Input material:
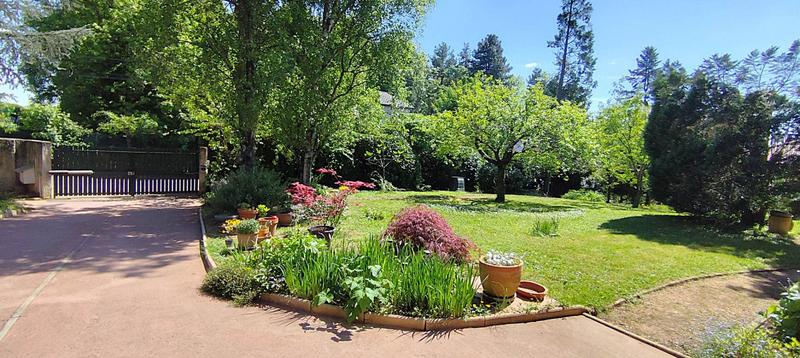 Maison - 240 m² - 8 pièces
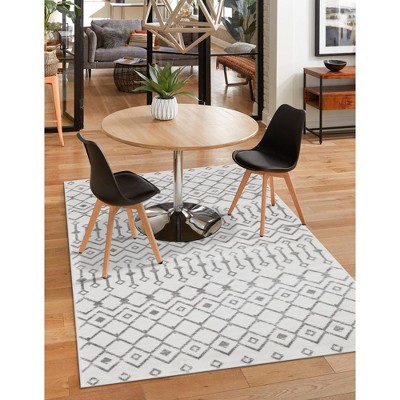 Ivory Moroccan Trellis 5' x 8' Easy-Care Synthetic Area Rug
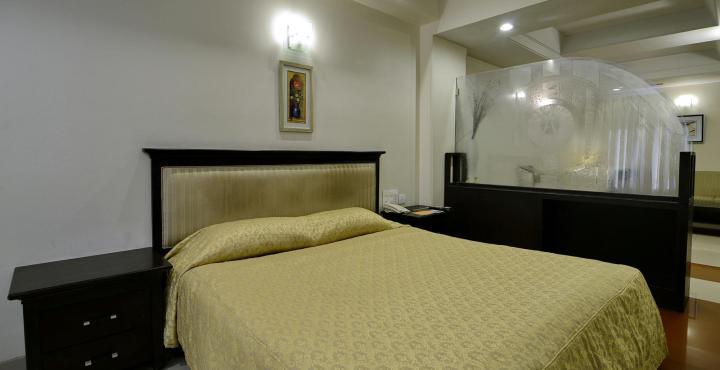 Ambience Executive Hotel Pimpri-Chinchwad Buitenkant foto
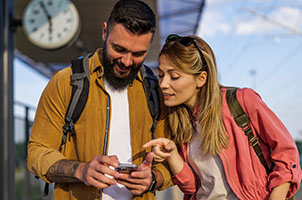Image d'un couple qui regarde un téléphone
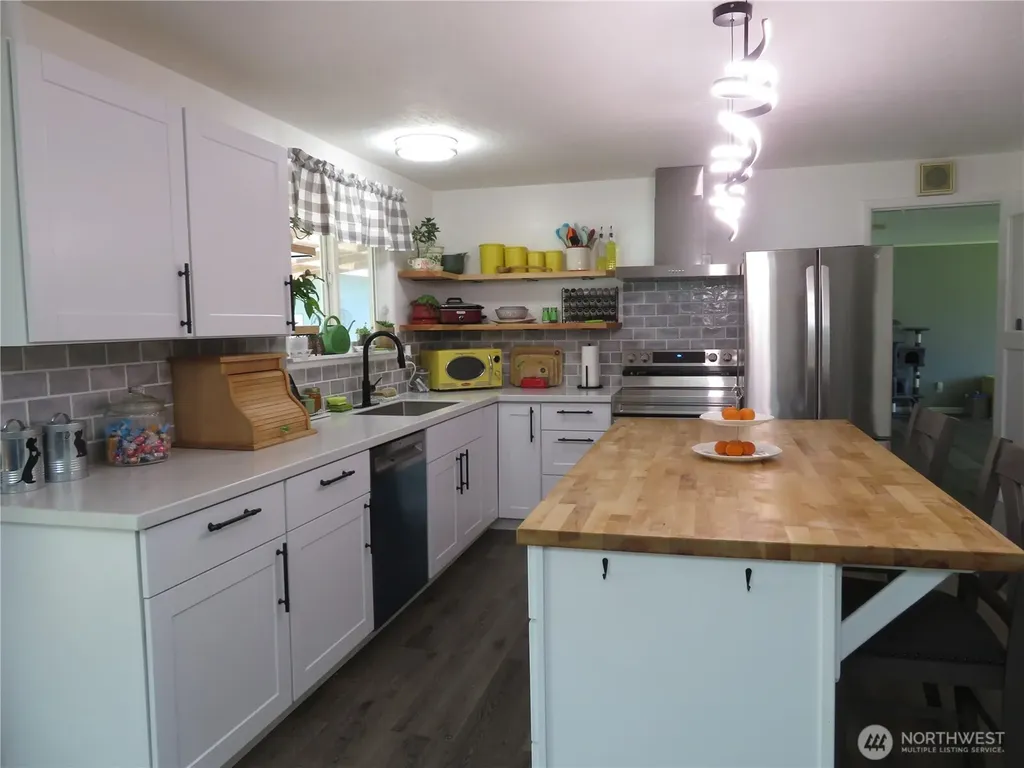 19 Linda Lane Montesano WA 98563
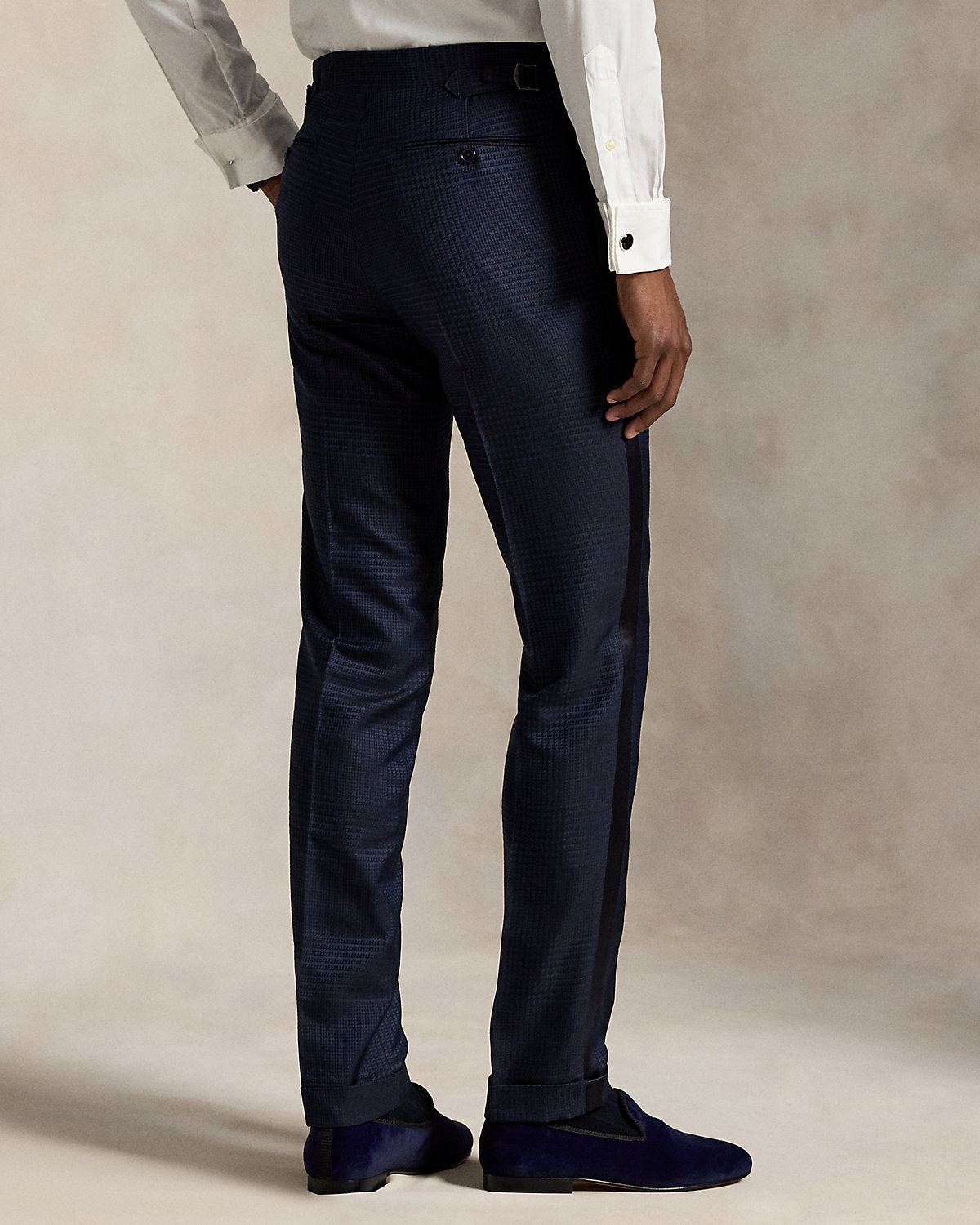 #color_navy-tonal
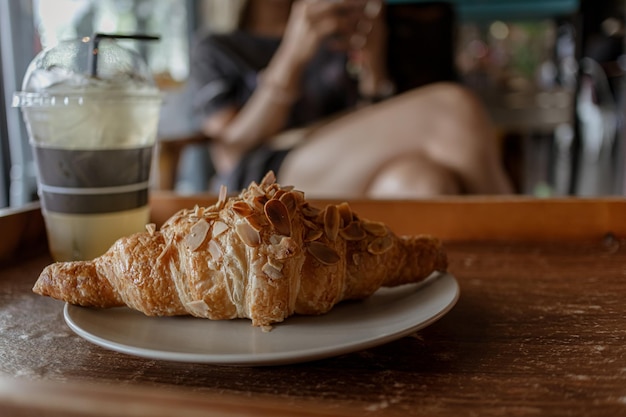 Prossimo piano del cibo nel piatto sulla tavola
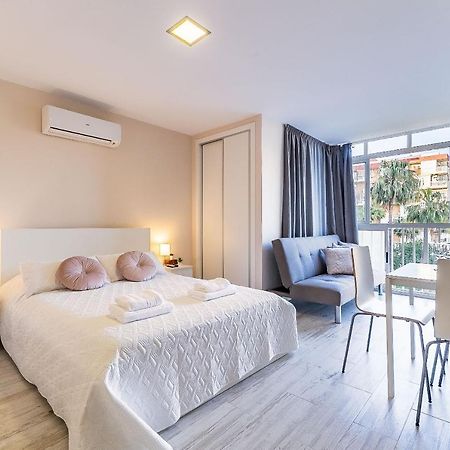 Sun Coast Benalmadena -- Superb Studio With 4 Pools, Gardens & Breakfast 外观 照片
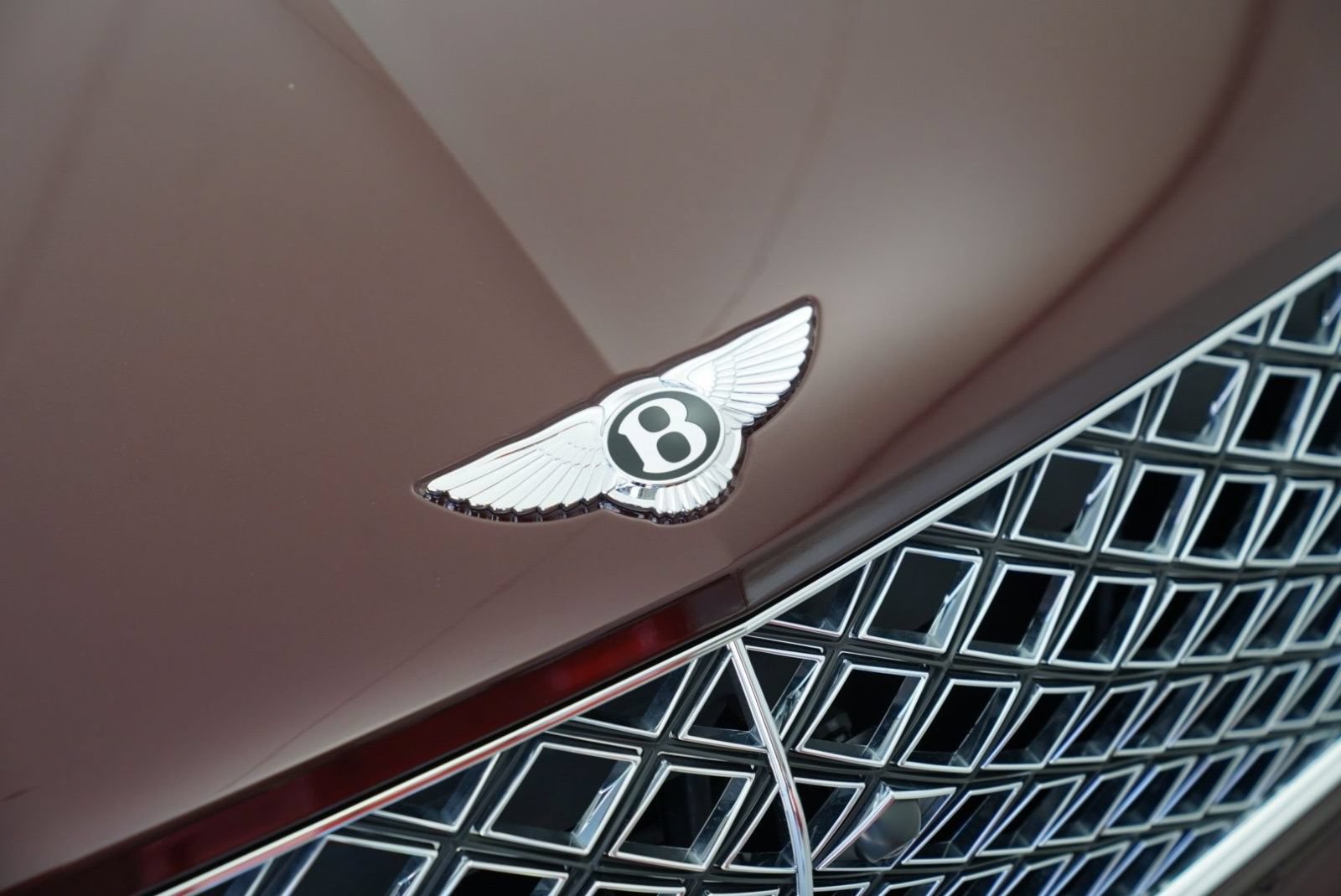 New 2026 Bentley Bentayga Extended Wheelbase AWD/4WD image 3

Try it:
Each record must appear again exactly as written above, without its pictures.

Answer box:
 Maison - 240 m² - 8 pièces
 Ivory Moroccan Trellis 5' x 8' Easy-Care Synthetic Area Rug
 Ambience Executive Hotel Pimpri-Chinchwad Buitenkant foto
Image d'un couple qui regarde un téléphone
 19 Linda Lane Montesano WA 98563
 #color_navy-tonal
 Prossimo piano del cibo nel piatto sulla tavola
 Sun Coast Benalmadena -- Superb Studio With 4 Pools, Gardens & Breakfast 外观 照片
 New 2026 Bentley Bentayga Extended Wheelbase AWD/4WD image 3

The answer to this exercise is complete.